Prove the following inequality $$\frac{3x^5+1}{x^4+x^3+1}+\frac{3y^5+1}{y^4+y^3+1}+\frac{3z^5+1}{z^4+z^3+1} \ge 4$$ where $x,y,z \ge 0$ and $x+y+z=3$
I don't really know how to approach such an inequality. I tried the inequality of means and Cauchy's inequality, but it doesn't seem like I'm getting close to anything. I think that maybe an inequality is being used that I haven't heard of yet.
Edit : I think I managed to prove the inequality, but I'm sure there is a more elegant proof.Here is my take : I will first prove that $\frac{3x^5+1}{x^4+x^3+1} \ge \frac{17}{9}x-\frac{5}{9} \iff \frac{9(3x^5+1)}{9(x^4+x^3+1)}-\frac{17x(x^4+x^3+1)}{9(x^4+x^3+1)} + \frac{5x(x^4+x^3+1)}{9(x^4+x^3+1)} \ge 0 \iff \frac{(x-1)^2(10x^3+8x^2+11x+14)}{9(x^4+x^3+1)} \ge 0$ which is true $\forall x \in [0,\infty)$ So we have that $\frac{3x^5+1}{x^4+x^3+1} \ge \frac{17}{9}x-\frac{5}{9}$ , $\frac{3y^5+1}{y^4+y^3+1} \ge \frac{17}{9}y-\frac{5}{9}$ and $\frac{3z^5+1}{z^4+z^3+1} \ge \frac{17}{9}z-\frac{5}{9}$ . By summing we get that $\frac{3x^5+1}{x^4+x^3+1}+\frac{3y^5+1}{y^4+y^3+1}+\frac{3z^5+1}{z^4+z^3+1} \ge \frac{17}{9}(x+y+z)-\frac{5}{3} = 4$
I'm sure there must be an easier and more elegant method. anyway, I made this solution using an online graph, so I would never have thought of that factorization using pencil and paper.I'm waiting to see what you think about my approach.
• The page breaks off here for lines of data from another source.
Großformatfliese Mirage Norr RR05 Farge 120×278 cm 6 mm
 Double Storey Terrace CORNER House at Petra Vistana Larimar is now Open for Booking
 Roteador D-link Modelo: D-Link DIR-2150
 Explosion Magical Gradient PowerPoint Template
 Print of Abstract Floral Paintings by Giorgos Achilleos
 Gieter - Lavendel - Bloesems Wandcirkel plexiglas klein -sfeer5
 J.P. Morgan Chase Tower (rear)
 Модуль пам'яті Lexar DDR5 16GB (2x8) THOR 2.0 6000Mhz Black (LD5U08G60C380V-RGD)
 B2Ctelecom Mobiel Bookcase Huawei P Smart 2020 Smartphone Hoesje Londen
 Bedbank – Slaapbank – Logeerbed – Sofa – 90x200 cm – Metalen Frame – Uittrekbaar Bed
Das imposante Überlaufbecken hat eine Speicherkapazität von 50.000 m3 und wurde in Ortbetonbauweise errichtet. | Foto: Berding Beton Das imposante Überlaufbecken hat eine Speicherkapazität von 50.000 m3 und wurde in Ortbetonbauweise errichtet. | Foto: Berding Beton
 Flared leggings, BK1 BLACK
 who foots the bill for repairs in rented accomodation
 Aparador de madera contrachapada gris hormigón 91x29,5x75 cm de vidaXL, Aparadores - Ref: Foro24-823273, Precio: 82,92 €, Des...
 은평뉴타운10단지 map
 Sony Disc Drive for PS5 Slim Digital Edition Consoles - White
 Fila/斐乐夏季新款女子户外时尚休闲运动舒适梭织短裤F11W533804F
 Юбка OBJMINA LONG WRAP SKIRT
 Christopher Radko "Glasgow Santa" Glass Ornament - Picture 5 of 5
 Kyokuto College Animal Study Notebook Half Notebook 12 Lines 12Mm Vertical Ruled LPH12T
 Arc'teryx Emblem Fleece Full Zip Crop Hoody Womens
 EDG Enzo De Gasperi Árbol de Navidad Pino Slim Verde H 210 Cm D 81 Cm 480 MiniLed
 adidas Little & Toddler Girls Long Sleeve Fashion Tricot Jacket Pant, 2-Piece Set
If you have any idea or a solution, I'm here to listen. Thanks!
Remark: Here is an alternative proof via Chebyshev's sum inequality.
We have \begin{align*} \frac{3x^5+1}{x^4+x^3+1} - \frac43 &= \frac{9x^5 - 4x^4 - 4x^3 - 1}{3(x^4 + x^3 + 1)}\\ &= \frac{(9x^5 - 9x^4) + (4x^4 - 4x^3) + (x^4 - 1)}{3(x^4 + x^3 + 1)}\\ &= \frac{9x^4 + 4x^3 + (x+1)(x^2 + 1)}{3(x^4+x^3+1)}\cdot (x-1). \end{align*}
Since $f(x) := \frac{9x^4 + 4x^3 + (x+1)(x^2 + 1)}{3(x^4+x^3+1)}$ is strictly increasing on $[0, 3]$ (see the Remark at the end), by Chebyshev's sum inequality, we have $$\sum_{\mathrm{cyc}} \frac{3x^5+1}{x^4+x^3+1} - 4 \ge \frac13 \sum_{\mathrm{cyc}} \frac{9x^4 + 4x^3 + (x+1)(x^2 + 1)}{3(x^4+x^3+1)} \cdot (x + y + z - 3) = 0. $$
Remark: We have $$f(x) = 3 + \frac{-4x^3 + x^2 + x - 8}{3x^4 + 3x^3 + 3}.$$ We need to prove that $f'(x) > 0$. Equivalently, we need to prove that \begin{align*} &\Big(-4x^3 + x^2 + x - 8\Big)'\cdot (x^4+x^3+1)\\ >{}& \Big(-4x^3 + x^2 + x - 8\Big)\Big((x^4+x^3+1)\Big)' \end{align*} or $$(-12x^2 + 2x + 1)(x^4 + x^3 + 1) > (-4x^3 + x^2 + x - 8)(4x^3 + 3x^2)$$ or $$4x^6 - 2x^5 - 4x^4 + 30x^3 + 12x^2 + 2x + 1 > 0$$ which is true (easy by AM-GM, e.g. $3x^6 + 12x^2 \ge 12x^4$, etc).